Sudley Field

As part of Almanac Arts and RISE Festival, Liverpool-based poet Helen Tookey was commissioned to write some work in response to an exhibition. She chose Shanghai Sacred (photographs by Liz Hingley, with Cheng Hangfeng) showing at the Victoria Gallery & Museum, Liverpool, 7 June – 28 September 2019. Once written she thought it would be an opportunity to show or present the work in a way that somehow spoke further to the exhibition.

She asked me if I’d be interested in making an artistbook to hold the work. I’ve really enjoyed making books to fit to other people’s work  in the past and jumped at the chance to work with an extended piece of Helen’s work. 

It was a series of fragmented prose pieces, prose poems and poems that entered into an eerie space of a field she walks in Liverpool. There is a sense of the hidden, the dark, the dying and glimmers of past threaded through the work.  We discussed ways of coming to the work, how it might unfold, and how it would interact with the work it responded to, and what form might the structure take to best reveal or conceal the text. Our first work bench was a pool table which gave us the space and perhaps the playful eye to muck about and find a way of setting the work with remarkable ease. We seemed to have similar sensibilities towards the work which made the conversation and questions smooth and energising. 

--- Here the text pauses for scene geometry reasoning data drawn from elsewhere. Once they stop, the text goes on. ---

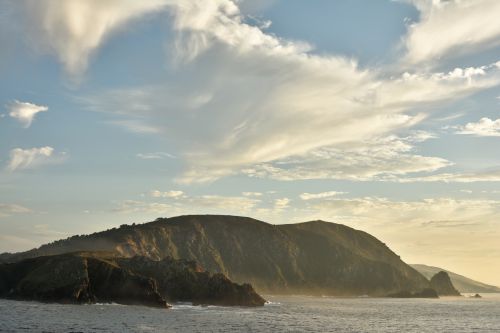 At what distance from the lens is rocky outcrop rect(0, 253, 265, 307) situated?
450 feet

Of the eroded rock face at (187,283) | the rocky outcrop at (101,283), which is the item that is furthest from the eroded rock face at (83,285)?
the eroded rock face at (187,283)

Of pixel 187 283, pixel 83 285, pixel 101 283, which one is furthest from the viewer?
pixel 187 283

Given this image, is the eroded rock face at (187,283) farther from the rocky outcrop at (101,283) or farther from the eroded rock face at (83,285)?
the eroded rock face at (83,285)

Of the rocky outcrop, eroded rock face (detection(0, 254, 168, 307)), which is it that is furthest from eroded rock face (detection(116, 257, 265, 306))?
eroded rock face (detection(0, 254, 168, 307))

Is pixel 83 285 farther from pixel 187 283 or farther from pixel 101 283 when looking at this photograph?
pixel 187 283

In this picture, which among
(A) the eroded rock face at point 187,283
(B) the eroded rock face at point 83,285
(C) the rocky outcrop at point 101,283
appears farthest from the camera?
(A) the eroded rock face at point 187,283

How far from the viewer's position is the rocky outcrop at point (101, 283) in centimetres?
13712

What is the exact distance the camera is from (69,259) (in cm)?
14362

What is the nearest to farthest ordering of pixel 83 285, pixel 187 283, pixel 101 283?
pixel 83 285
pixel 101 283
pixel 187 283

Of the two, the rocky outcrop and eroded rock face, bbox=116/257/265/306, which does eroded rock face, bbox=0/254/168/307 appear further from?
eroded rock face, bbox=116/257/265/306

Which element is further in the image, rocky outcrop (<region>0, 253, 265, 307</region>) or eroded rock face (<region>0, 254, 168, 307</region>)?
rocky outcrop (<region>0, 253, 265, 307</region>)

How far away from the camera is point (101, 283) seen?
143m

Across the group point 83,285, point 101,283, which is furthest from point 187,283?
point 83,285

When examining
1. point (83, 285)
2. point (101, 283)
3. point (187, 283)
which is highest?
point (187, 283)
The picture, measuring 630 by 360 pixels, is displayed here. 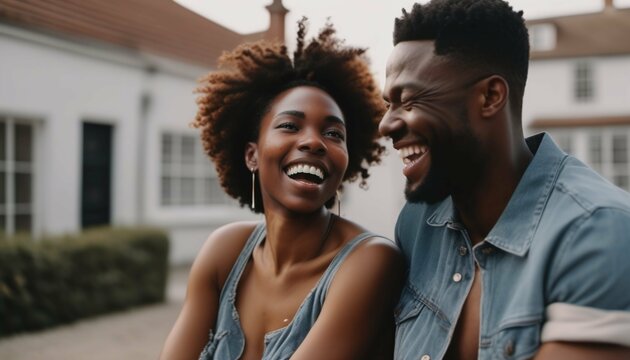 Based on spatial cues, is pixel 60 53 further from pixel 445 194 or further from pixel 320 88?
pixel 445 194

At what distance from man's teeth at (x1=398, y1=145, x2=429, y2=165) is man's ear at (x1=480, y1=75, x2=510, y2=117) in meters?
0.17

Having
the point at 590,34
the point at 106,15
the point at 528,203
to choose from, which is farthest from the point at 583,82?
the point at 528,203

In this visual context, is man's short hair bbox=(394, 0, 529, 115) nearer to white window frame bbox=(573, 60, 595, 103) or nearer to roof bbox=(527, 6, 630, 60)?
roof bbox=(527, 6, 630, 60)

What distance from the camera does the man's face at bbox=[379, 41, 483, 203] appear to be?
1.76 m

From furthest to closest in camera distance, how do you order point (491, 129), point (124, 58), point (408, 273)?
1. point (124, 58)
2. point (408, 273)
3. point (491, 129)

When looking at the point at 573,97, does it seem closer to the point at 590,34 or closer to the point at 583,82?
the point at 583,82

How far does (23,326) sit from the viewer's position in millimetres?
6047

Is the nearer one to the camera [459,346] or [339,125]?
[459,346]

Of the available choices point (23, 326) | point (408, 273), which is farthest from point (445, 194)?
point (23, 326)

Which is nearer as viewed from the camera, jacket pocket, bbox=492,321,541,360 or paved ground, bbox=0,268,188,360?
jacket pocket, bbox=492,321,541,360

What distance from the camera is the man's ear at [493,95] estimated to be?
1.76 meters

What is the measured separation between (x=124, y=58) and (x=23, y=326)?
4.41 m

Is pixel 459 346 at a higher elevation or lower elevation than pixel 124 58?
lower

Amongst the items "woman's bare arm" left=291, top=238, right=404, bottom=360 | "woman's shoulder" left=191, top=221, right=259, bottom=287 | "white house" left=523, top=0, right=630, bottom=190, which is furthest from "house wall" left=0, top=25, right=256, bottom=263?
"white house" left=523, top=0, right=630, bottom=190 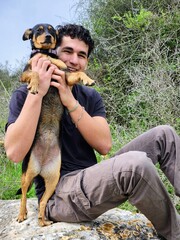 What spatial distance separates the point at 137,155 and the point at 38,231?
857 mm

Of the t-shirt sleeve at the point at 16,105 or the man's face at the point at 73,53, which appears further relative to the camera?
the man's face at the point at 73,53

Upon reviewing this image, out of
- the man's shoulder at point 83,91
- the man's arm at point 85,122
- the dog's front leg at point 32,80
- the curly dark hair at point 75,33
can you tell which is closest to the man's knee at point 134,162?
the man's arm at point 85,122

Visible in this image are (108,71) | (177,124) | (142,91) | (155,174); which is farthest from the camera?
(108,71)

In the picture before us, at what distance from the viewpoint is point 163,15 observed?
734cm

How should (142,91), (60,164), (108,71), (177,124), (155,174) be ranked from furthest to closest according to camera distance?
(108,71) → (142,91) → (177,124) → (60,164) → (155,174)

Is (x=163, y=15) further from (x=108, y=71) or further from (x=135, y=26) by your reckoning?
(x=108, y=71)

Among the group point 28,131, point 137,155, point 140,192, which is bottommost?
point 140,192

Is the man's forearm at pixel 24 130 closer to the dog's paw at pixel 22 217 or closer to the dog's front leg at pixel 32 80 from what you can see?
the dog's front leg at pixel 32 80

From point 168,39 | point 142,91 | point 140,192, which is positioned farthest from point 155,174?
point 168,39

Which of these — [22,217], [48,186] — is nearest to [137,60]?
[48,186]

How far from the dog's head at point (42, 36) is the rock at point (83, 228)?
132 cm

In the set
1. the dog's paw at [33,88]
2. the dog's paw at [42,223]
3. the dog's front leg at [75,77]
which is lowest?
the dog's paw at [42,223]

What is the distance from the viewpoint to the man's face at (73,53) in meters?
3.05

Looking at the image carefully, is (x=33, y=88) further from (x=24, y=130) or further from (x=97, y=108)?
(x=97, y=108) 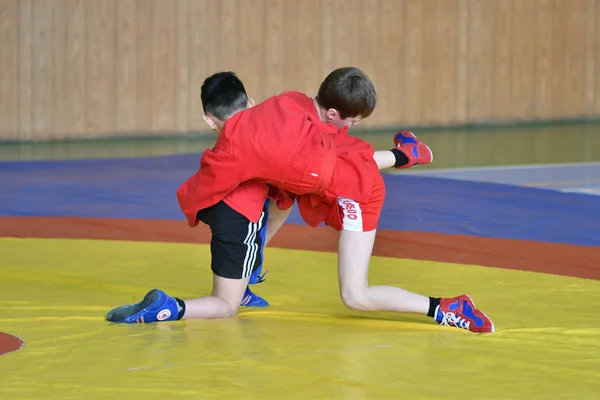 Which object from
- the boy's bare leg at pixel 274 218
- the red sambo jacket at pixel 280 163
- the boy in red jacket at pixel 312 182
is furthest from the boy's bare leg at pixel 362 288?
the boy's bare leg at pixel 274 218

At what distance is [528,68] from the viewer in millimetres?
10977

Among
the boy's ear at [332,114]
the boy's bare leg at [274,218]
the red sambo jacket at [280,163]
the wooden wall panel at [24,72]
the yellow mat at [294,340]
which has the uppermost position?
the wooden wall panel at [24,72]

We decided on a drop down scroll that offered a neat, simple-to-read form, that could either be contained within a hand, or fall in a long cascade that the reader would have to follow, succumb to. It seemed elegant, surprising and uncluttered. In many ways, an echo of Helen’s work. 

When Helen first approached me I was feeling rather overwhelmed by other projects so said I could design and mock up one then show her how to cut and paste the work. She embraced the job brilliantly, made 30 editions that are now out in various hideyholes in Liverpool for people to discover, like the world of the field, the footsteps of each panel that tread through it.